**WHAT YOU ARE ASKED TO DO:**
Copy only what lies from the line containing "Generally 30 seconds" through the line containing "Sounds good? Sounds" in the entries below, keeping both end lines exact and dropping every picture.

**EXCERPTED DATA:**
####################
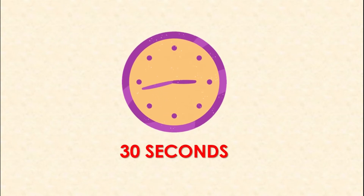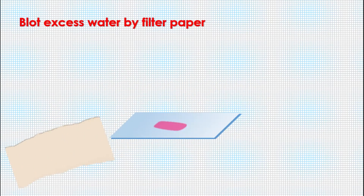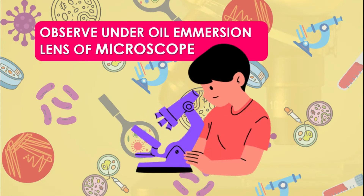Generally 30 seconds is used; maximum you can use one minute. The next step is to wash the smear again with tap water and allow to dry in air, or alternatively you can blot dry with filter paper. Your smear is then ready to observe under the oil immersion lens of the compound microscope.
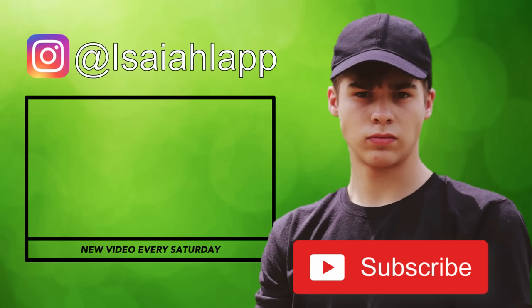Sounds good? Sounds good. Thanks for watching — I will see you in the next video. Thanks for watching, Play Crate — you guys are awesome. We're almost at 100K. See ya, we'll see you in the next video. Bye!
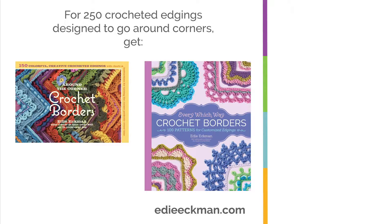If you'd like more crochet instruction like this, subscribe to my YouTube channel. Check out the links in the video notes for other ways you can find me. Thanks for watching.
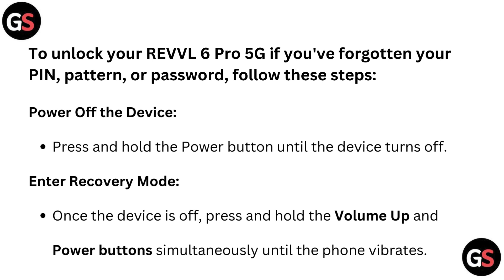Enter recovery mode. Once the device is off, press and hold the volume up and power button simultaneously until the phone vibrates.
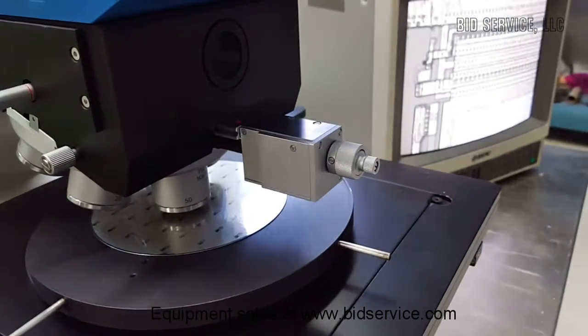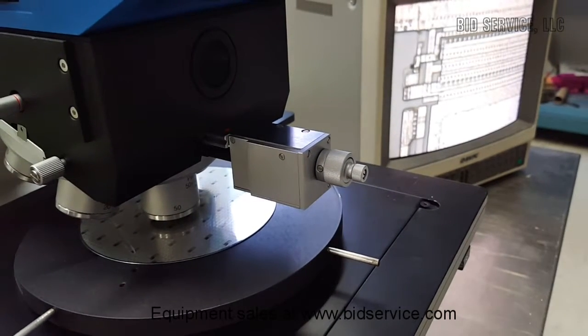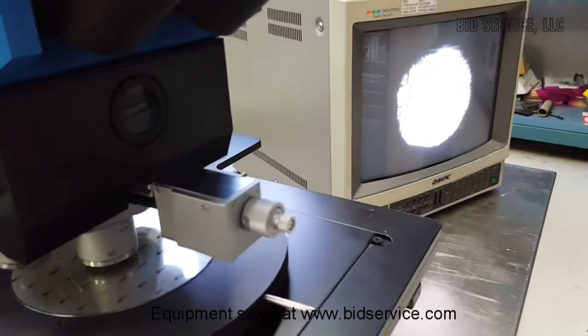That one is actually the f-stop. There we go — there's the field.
####################
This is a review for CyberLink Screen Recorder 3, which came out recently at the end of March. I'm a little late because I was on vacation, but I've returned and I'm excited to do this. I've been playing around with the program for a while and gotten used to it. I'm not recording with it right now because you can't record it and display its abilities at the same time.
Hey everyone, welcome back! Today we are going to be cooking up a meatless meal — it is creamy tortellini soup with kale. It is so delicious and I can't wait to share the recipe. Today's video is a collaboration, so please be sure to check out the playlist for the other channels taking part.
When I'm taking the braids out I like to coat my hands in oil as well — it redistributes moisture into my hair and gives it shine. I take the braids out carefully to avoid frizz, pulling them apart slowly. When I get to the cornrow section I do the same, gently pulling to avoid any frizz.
####################
**TASK RESULT:**
Generally 30 seconds is used; maximum you can use one minute. The next step is to wash the smear again with tap water and allow to dry in air, or alternatively you can blot dry with filter paper. Your smear is then ready to observe under the oil immersion lens of the compound microscope.
Sounds good? Sounds good. Thanks for watching — I will see you in the next video. Thanks for watching, Play Crate — you guys are awesome. We're almost at 100K. See ya, we'll see you in the next video. Bye!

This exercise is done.